INSTRUCTIONS TO FOLLOW = Although the data below holds other lines too, output only those from the line with "Decke mit Steg" up to and including the line with "Kailua-Kona, Hawaii, 96740, United", exactly as they appear.

DATA TO PROCESS =

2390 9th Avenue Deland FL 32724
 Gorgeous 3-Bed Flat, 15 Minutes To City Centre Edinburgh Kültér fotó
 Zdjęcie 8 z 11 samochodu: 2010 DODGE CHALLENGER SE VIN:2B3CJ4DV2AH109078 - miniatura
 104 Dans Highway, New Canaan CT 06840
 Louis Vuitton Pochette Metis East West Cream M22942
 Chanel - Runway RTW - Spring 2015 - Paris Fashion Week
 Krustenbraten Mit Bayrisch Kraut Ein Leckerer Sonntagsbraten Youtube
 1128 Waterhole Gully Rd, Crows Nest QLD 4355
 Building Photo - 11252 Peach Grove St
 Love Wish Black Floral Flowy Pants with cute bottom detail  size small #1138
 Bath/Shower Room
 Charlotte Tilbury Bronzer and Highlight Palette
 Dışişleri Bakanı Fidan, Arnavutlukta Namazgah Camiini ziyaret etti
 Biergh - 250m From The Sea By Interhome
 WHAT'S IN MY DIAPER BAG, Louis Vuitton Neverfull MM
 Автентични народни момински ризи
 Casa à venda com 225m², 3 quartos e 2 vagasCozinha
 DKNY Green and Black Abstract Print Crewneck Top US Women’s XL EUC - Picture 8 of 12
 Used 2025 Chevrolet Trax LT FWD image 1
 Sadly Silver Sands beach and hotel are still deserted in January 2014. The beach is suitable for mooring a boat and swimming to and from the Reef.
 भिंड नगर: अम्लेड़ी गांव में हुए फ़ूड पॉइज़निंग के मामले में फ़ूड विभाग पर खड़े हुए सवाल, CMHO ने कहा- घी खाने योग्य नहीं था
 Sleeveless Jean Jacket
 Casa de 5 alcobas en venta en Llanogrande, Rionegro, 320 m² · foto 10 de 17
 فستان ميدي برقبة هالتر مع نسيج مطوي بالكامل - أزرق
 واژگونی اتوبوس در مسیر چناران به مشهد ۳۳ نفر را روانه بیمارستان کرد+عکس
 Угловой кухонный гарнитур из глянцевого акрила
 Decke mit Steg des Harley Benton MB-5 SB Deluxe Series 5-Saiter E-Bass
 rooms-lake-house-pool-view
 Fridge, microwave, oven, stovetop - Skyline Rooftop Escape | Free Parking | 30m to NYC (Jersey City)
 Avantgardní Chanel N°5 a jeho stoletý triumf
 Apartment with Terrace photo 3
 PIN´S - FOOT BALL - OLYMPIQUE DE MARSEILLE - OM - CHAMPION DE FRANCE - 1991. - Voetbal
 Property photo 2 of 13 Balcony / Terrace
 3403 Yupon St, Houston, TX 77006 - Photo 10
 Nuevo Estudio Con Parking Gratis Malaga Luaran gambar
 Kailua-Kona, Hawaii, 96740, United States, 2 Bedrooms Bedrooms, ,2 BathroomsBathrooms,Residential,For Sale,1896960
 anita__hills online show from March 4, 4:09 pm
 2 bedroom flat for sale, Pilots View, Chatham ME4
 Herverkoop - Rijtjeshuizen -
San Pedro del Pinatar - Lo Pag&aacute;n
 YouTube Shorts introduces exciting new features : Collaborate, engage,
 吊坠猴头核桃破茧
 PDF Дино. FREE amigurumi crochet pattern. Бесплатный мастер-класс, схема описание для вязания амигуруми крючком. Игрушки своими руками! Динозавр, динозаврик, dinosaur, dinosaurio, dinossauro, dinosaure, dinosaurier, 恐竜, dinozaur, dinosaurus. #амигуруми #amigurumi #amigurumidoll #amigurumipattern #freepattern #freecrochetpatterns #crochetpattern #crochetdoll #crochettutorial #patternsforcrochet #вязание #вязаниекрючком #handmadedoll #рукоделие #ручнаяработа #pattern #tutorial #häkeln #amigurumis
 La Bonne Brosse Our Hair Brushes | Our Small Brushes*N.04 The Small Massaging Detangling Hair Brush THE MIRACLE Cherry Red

THE COMPLETED TASK =
 Decke mit Steg des Harley Benton MB-5 SB Deluxe Series 5-Saiter E-Bass
 rooms-lake-house-pool-view
 Fridge, microwave, oven, stovetop - Skyline Rooftop Escape | Free Parking | 30m to NYC (Jersey City)
 Avantgardní Chanel N°5 a jeho stoletý triumf
 Apartment with Terrace photo 3
 PIN´S - FOOT BALL - OLYMPIQUE DE MARSEILLE - OM - CHAMPION DE FRANCE - 1991. - Voetbal
 Property photo 2 of 13 Balcony / Terrace
 3403 Yupon St, Houston, TX 77006 - Photo 10
 Nuevo Estudio Con Parking Gratis Malaga Luaran gambar
 Kailua-Kona, Hawaii, 96740, United States, 2 Bedrooms Bedrooms, ,2 BathroomsBathrooms,Residential,For Sale,1896960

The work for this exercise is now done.